Hürde für Mieterstrom fällt

Bis Mitte September 2023 waren in Deutschland gut 7.550 Mieterstromanlagen mit einer Gesamtleistung von 145,9 Megawatt in Betrieb. Das sind 0,22 Prozent der insgesamt installierten Leistung in Deutschland. Damit wird klar, dass die Energiewende vor allem in den Städten kaum vom Fleck kommt. Denn gerade dort sind Mieterstromanlagen eine Möglichkeit, die Menschen an der Energiewende teilhaben zu lassen und gleichzeitig die vorhandenen Dachflächen für die Photovoltaik zu ­nutzen.

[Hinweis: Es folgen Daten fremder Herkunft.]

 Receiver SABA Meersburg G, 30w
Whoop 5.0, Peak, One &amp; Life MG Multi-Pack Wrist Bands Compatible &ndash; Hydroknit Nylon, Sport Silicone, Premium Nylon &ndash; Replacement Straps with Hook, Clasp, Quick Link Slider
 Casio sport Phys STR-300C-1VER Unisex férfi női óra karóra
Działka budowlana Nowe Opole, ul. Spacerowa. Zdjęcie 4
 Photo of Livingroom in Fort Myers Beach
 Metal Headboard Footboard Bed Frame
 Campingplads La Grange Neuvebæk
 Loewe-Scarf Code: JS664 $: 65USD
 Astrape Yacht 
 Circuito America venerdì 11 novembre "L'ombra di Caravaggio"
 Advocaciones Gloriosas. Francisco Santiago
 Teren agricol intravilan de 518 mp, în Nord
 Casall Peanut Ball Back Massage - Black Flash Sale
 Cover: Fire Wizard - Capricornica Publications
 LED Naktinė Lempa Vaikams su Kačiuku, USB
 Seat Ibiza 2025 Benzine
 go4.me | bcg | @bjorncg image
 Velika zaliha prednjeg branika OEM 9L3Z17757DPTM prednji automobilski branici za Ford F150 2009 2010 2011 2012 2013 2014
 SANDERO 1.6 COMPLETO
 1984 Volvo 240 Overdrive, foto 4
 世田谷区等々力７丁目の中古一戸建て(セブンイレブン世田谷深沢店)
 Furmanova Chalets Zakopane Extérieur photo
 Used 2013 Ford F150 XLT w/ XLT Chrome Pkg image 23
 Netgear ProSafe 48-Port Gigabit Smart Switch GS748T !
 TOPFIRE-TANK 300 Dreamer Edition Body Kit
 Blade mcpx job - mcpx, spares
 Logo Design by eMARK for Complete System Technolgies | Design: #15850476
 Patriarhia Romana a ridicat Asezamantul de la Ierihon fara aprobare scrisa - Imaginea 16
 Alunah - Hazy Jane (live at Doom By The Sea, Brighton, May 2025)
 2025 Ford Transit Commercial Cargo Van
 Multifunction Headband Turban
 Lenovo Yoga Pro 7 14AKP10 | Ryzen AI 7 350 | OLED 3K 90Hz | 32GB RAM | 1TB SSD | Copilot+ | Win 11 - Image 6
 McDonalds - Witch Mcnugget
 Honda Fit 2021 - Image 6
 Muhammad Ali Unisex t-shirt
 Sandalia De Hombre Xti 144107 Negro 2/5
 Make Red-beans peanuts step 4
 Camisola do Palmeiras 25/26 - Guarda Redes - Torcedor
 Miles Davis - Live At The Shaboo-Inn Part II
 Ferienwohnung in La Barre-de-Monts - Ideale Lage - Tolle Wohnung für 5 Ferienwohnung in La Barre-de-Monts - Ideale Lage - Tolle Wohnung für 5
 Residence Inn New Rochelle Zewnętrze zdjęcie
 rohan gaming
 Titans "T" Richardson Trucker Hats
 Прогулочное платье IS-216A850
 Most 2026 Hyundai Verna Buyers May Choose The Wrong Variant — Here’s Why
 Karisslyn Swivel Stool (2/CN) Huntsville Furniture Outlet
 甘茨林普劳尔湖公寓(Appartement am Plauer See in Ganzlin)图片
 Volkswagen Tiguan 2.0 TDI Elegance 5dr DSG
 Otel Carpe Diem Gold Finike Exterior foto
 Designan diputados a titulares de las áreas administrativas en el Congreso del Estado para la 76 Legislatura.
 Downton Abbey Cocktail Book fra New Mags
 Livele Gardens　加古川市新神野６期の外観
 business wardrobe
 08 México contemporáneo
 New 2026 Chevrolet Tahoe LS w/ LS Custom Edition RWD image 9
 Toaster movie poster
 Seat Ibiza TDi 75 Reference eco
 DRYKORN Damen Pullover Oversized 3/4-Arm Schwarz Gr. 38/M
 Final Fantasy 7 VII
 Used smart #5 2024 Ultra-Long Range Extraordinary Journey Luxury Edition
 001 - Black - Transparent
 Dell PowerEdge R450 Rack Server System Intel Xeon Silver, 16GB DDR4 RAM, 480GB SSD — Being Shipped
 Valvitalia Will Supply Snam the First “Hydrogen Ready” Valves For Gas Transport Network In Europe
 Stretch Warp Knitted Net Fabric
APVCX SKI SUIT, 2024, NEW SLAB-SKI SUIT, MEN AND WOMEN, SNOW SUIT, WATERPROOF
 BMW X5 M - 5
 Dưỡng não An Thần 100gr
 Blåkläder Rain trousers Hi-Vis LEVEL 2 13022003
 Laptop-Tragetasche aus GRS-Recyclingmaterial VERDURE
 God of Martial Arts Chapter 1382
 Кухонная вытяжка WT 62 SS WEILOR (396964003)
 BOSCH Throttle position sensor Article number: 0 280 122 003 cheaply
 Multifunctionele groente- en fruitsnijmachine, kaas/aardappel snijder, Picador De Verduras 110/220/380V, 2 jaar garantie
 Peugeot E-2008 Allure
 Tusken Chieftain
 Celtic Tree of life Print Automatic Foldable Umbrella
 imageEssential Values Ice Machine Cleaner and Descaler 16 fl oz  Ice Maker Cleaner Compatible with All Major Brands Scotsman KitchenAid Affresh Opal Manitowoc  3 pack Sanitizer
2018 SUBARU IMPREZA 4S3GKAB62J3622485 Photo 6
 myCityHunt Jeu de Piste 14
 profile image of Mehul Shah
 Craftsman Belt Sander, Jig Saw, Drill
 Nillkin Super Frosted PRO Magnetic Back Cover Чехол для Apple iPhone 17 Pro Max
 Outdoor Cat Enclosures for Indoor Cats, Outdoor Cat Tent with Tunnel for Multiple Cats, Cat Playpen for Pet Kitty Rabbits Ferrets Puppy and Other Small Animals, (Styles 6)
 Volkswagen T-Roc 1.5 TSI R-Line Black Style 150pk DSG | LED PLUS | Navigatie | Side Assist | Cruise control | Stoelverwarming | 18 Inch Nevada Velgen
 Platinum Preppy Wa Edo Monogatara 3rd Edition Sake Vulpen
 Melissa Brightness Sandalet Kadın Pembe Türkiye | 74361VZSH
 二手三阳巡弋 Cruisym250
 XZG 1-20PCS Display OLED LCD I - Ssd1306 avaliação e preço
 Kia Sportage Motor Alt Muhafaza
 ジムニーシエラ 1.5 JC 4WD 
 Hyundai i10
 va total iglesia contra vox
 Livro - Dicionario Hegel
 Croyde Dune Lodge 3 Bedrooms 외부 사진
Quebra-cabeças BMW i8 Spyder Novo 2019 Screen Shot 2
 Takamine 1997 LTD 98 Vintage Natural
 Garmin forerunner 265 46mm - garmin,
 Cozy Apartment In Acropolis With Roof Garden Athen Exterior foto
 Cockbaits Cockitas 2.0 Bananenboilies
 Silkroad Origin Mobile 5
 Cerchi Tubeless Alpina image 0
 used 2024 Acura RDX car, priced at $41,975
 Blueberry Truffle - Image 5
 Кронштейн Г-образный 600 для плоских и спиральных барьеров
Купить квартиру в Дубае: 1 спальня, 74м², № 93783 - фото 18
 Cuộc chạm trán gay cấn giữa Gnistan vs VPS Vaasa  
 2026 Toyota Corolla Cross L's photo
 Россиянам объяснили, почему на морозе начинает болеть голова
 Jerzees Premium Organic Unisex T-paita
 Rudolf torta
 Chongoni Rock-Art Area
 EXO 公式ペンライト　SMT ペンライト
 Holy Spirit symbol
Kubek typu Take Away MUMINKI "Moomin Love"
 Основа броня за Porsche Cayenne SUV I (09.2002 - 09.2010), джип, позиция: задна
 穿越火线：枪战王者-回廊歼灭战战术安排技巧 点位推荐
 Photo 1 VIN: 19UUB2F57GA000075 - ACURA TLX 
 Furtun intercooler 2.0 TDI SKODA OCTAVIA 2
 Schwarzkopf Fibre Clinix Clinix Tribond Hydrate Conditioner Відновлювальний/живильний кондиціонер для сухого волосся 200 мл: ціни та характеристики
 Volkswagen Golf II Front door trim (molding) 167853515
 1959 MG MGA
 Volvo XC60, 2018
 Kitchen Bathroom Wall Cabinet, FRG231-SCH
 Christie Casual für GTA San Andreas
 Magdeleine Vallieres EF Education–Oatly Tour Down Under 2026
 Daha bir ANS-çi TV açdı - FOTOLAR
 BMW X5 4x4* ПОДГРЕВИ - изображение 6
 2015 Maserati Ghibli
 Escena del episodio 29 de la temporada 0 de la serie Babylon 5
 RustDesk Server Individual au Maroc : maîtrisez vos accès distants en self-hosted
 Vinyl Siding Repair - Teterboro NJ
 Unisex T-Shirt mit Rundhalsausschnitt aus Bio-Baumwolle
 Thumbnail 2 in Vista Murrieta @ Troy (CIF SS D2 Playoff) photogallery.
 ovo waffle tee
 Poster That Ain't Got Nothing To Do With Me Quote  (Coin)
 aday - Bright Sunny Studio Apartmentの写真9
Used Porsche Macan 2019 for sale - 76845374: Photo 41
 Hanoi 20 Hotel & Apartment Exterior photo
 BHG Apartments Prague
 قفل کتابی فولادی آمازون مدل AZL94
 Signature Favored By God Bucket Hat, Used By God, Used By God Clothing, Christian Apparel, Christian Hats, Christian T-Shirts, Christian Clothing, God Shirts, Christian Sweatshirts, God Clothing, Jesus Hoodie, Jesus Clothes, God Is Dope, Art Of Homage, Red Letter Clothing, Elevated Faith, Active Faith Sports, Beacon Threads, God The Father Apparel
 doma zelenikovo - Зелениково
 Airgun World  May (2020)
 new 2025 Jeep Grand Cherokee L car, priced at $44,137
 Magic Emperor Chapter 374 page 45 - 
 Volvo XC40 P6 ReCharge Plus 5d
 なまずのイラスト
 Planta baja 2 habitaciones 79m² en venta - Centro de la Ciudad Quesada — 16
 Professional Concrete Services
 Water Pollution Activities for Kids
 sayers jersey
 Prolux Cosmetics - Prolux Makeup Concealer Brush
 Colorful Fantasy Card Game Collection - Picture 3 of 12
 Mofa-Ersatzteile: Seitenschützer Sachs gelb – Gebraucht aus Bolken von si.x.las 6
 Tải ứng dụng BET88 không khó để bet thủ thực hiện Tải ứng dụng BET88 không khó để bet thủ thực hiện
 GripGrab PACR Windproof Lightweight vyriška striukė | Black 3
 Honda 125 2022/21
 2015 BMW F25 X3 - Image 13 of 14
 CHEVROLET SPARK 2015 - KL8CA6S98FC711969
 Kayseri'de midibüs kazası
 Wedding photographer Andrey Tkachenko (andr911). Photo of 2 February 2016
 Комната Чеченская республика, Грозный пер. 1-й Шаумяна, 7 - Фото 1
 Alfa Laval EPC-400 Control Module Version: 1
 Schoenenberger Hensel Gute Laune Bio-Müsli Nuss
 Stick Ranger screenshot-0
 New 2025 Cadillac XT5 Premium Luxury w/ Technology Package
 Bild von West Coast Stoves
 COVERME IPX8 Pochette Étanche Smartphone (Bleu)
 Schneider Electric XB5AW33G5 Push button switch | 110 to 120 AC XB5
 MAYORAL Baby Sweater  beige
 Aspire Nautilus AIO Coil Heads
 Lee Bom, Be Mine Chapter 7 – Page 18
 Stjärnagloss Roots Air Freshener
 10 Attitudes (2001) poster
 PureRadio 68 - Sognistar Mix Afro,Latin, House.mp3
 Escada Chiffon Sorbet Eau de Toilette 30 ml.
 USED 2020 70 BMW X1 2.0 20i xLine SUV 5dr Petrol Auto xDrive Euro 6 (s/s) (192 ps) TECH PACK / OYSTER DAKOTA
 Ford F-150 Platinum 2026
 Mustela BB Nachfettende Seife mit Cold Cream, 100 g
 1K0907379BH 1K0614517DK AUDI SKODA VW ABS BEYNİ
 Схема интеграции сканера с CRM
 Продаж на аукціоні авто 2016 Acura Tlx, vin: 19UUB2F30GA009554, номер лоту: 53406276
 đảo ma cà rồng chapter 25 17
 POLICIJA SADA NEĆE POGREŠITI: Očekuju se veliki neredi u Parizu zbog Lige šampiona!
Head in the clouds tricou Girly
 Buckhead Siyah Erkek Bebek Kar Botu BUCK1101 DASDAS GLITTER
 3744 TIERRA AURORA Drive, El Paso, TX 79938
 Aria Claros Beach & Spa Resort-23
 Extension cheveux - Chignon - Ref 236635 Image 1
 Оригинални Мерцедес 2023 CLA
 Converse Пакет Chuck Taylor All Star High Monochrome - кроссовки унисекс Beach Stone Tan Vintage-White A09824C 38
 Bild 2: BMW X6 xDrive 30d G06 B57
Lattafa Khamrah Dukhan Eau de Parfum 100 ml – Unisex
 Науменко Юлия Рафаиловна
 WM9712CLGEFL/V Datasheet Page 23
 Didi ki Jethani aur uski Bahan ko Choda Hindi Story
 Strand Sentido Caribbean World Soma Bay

Virtuelle Summenzähler erlaubt

Dass der Ausbau in den Städten schwierig ist, zeigt auch der aktuelle Solarcheck des Ökoenergieanbieters Lichtblick. Demnach beträgt in den Großstädten der Bundesrepublik die installierte Photovoltaikleistung fast neun Kilowatt pro 1.000 Einwohner. Zum Vergleich: Die installierte Leistung pro 1.000 Einwohner bundesweit beträgt mit 813 Kilowatt nahezu das Hundertfache. Vereinfachungen in der Mieterstromgesetzgebung können deshalb den Ausbau der Photovoltaik in den Städten beschleunigen.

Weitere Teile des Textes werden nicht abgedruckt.